Cambridge Analytica and Kenya elections

What you need to know:

  • Privacy International, in a report published December last year, said that Cambridge Analytica did discretely work for President Kenyatta during his re-election campaign.

  • That firm “gathered survey data on Kenyans to aid the campaign and managed the president’s image,” Privacy International states, attributing its allegation to current and former Cambridge Analytica employees.

  • Cambridge Analytica refuted the claims and said that it was not involved in any negative political content.

Two weeks after the Supreme Court annulled the August 8 election citing illegalities and irregularities, 2016 US presidential candidate Hillary Clinton suggested that the superpower should also offer an avenue to quash their own election in such a manner.

Mrs Clinton said that the annulled Kenyan poll and the US one had one thing in common: data company Cambridge Analytica owned by the Mercer family.

FACEBOOK

The former Secretary of State who had served as a senator, and who beat President Donald Trump in the popular vote but lost the electoral college, and eventually the elections, said the Kenyan elections bore the footprint of the UK-based data company that was last week suspended by Facebook.
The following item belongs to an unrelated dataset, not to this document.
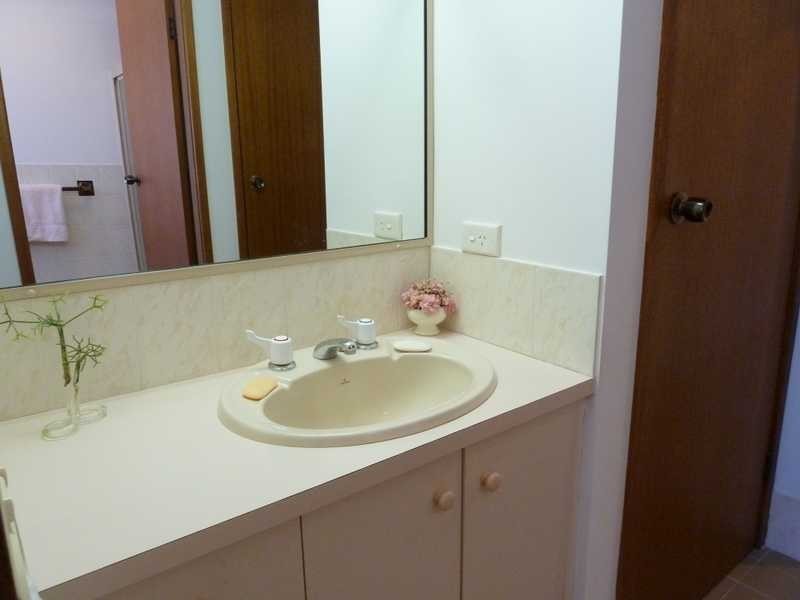 2/74 Hind Avenue, Forster NSW 2428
Facebook claims that Cambridge Analytica had in 2015 obtained Facebook user information without approval from the social media giant through the work the company did with a University of Cambridge psychology professor named Dr Aleksandr Kogan.

Christopher Wylie, 28-year-old, in an interview with the Guardian blew the lid off the company he once worked for, following revelations how the company mined 50 million Facebook profiles by late 2015 on an unprecedented scale, described how he developed an app to exploit the information and detail target information to sway them politically.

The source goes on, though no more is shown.